We walked in that smoking gloom of dusk, and as we went,
he didn't speak, although I now know he wanted to talk to me. He didn't have enough money, and time was collapsing in front of him. Maybe he had done some funny stuff with the money that had been left to me. Was it time to talk about that? No. That wasn't his style at all. Deny it to the end, which he knew was coming.

So, we went looking for that bear, which was a stand-in, I guess, for a lot of problems like the money. My father's attitude, his movement, the color of his eyes still linger (his eyes were blue, but pale, as though they were part of a man who is only partially here, who is so clearly only passing by this way, who has only the most tenuous grip on life).

I thought I should just be quiet. And now, when I think back, it haunts me. Could I have comforted him? Well, probably not, given that the first part of comfort is admission of wrongdoing, and that would never happen. So, maybe that added to the bear's chances: that my father was trapped by his own way of doing things. Me? he'd say. You're barking up the wrong tree. I began to think that bear was in more trouble than previously. Here, my father could say to the director of the Girls Club. Here's the dead body. It's all yours.

The wood road we took had been built two generations ago to drag logs to a sawmill that was long gone (nothing left but a saw blade rusted to the color of a scab), and now it was only a trail, but like a formal garden, since the trees made a bower over it. At the bottom a spring ran in this warm winter, and the air was filled with the scent of the early watercress. My father stopped in that ammonia scent.

Above the spring an abandoned apple orchard had been overtopped by pines, and the apple trees looked like skeletons, the wood without bark, ghostly and white there in the increasing blue light of the evening.

“See,” said my father. “Without a place like this, what have you got? But the taxes are killing me.”

“I'm sorry,” I said.

“Don't you dare be sorry for me,” he said. “I'm hanging on to this place so you can have a little of it. Don't you see? I'm trying to give you something.”

“I didn't mean it like that.”

He stopped in the blue light, under the bower of trees, where the scent of watercress was so strong.

“You know, Frank, I'd like to talk to you about something . . . ”

“Sure,” I said.

“Well, a little money was left . . . ,” he said.

“I know,” I said. “Three hundred a month.”

“Yeah, yeah,” he said. “Well, that's right.

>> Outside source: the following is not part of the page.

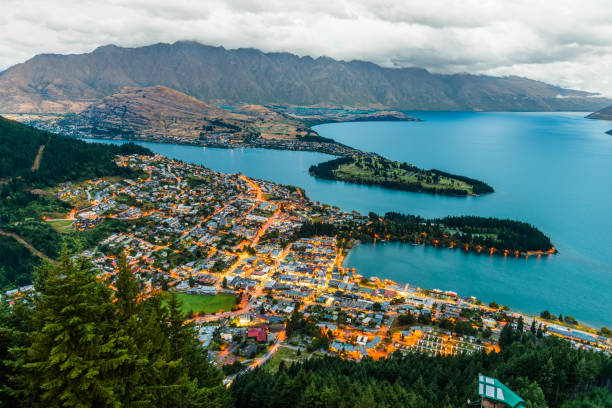 istock Queenstown and Lake Wakatipu 667803138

Technically . . . ”

“So?”

He brushed the leaves with his boot one way and then another, and he made an open space on the ground just like a buck rub.

“You wanted to say something?” I said.

“No, no,” he said. He shook his head. “I'm keeping records. It's all there. I'll store them carefully.”

“Where?” I said.

“Down in the cellar. I'm getting it waterproofed . . . ”

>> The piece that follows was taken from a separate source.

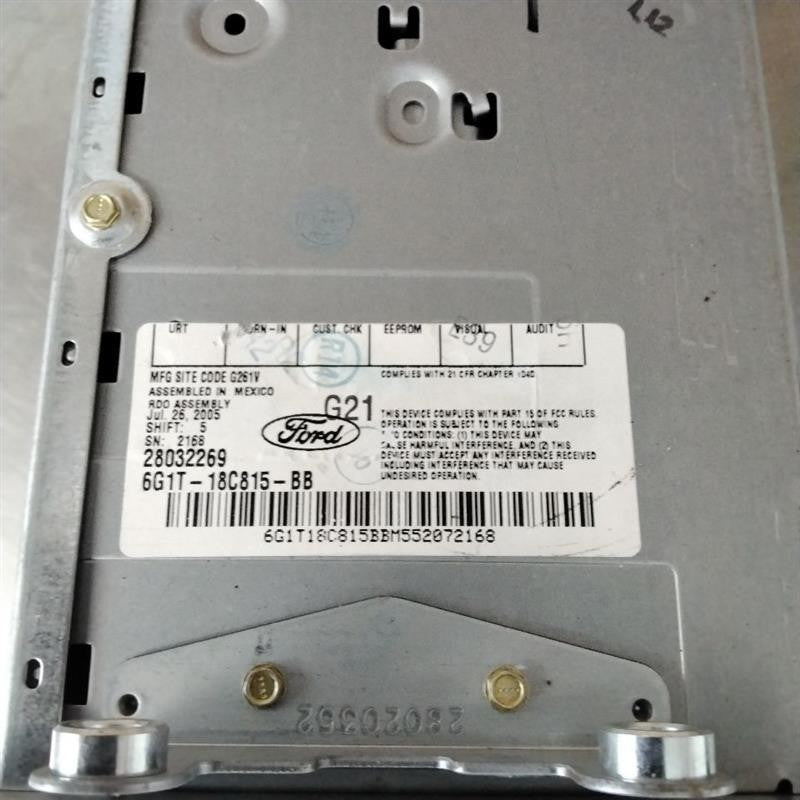 Audio & Visual Equip.(radio) FORD 500 06 07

Then we walked through the orchard and into the woods where the ash and oak were so big you couldn't get your arms around them, and where, at this time of the year, the trees stood up from a layer of gray leaves. The entire landscape was gray, the bark of the tree, the leaves, the stone that stuck up: the only color was greenish lichen which, on the rocks, was the color of oxidized copper. A wild turkey pawed at the ground for an acorn. My father kept right on walking until he came to a spot that he liked.

“Might as well cut down some of these trees. Have some logger in here,” said my father. “Get some money out of them.
Why should we leave these trees here for the next guy to sell? That is, when you get rid of the place.”

“I didn't say I was going to do that,” I said.

“I didn't tell my father I was going to sell a thousand acres to the Girls Club.” He shrugged, as though seeing a dead friend on a road in Poland. It was a gesture far beyond despair. “You may think money isn't important, but let me tell you. It comes back to bite you.”